You guys know how I met w/X about three weeks ago to go over our mediation agreement. He bugged me, nagged me & pushed me to set up the date - saying that if I couldn't find somebody to stay with the kids then he would have his girlfriend stay w/them, etc, etc...
So, we met & he was all: "We have to get this resolved right away..." He made some suggestions/changes, etc that I said I had to think about. We agreed that HE would type up an email to the mediator with our ideas. Ok. Two days come & go after our meeting & he hasn't typed anything. SO - I type up a recap & how I feel about stuff & actions we need to take.
About a week later he asks me: "Any thoughts on what we discussed? Time is money, you know!" I told him that I had sent him an email, and he should read it.
Two weeks go by - I hear nothing. I email him this past weekend: What the heck is going on? Why is he not responding? Let's get going w/this....
He emails back one thing: "The sticking point is the $300 per month maximum in daycare, etc. Until that is resolved everything is moot, right."
He doesn't address ANYTHING ELSE in this LONG email that I sent, he has not answered ANY questions that I asked, or ANYTHING!!!
Plus, does he really fucking think that $300 per month is enough for child care for two children?!?! WTF?!??!?! By LAW he is supposed to pay pro-rata for child care. Since I saw how much he was paying for child support, knew what sort of bills he had to pay, and how much he was earning, I said that we did not have to do the pro-rata thingy & let him contribute $800/month for child care & agree to not contribute to extra-currics until Sept '07 - when both kids will be in public school & we won't need full time child care.
I totally gave in on everything, but like I said - I saw his reality & it wouldn't be in anybody's interest to bankrupt him.... and figured that if I wanted to do extra-currics... well.... I just would. (ALthough both parents are legally responsible for contributing pro-rata to that, too.) And figured the amount it would cost me would still be less than an attorney to fight it.
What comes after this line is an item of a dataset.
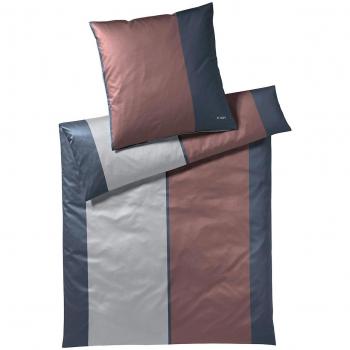 Navy Bettwäsche‑Partition JOOP! 4075 – 155 x 220 cm, 2 Stück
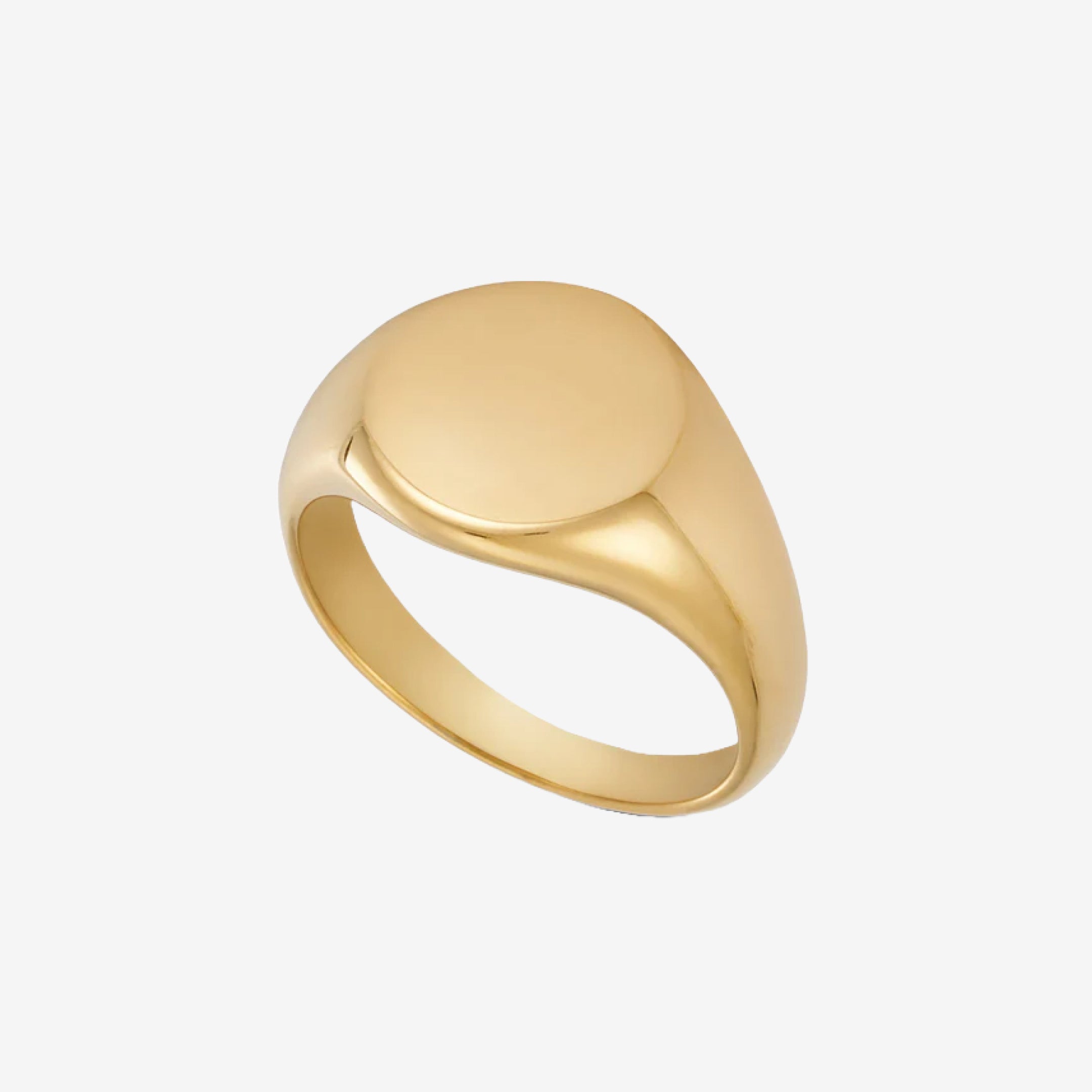 Indgraveret Fatima Hånd Ring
But now, if he's gonna stick on this.... and not just go to the pro-rata as of Sept '07..... shit I don't know what to do. It seems so crazy to go to a lawyer now - after we're 99% done!
He so doesn't see it. He sees it that I"m just taking all his money. But what he doesn't know is that I could be oh so much worse... (And when I mentioned that to him one time he was like: 'listen, I earn more, I have a full time job (which was then - not now!) and I can take custody of the kids! So don't start talking like you're the "good" one - I could go for more, too..." Yes, it's truly amazing the way his mind works, isn't it?
This divorce is as much of a friggin' nightmare as the marriage... although yes, I know, it could be worse... I'm lucky that he's so "good" to me.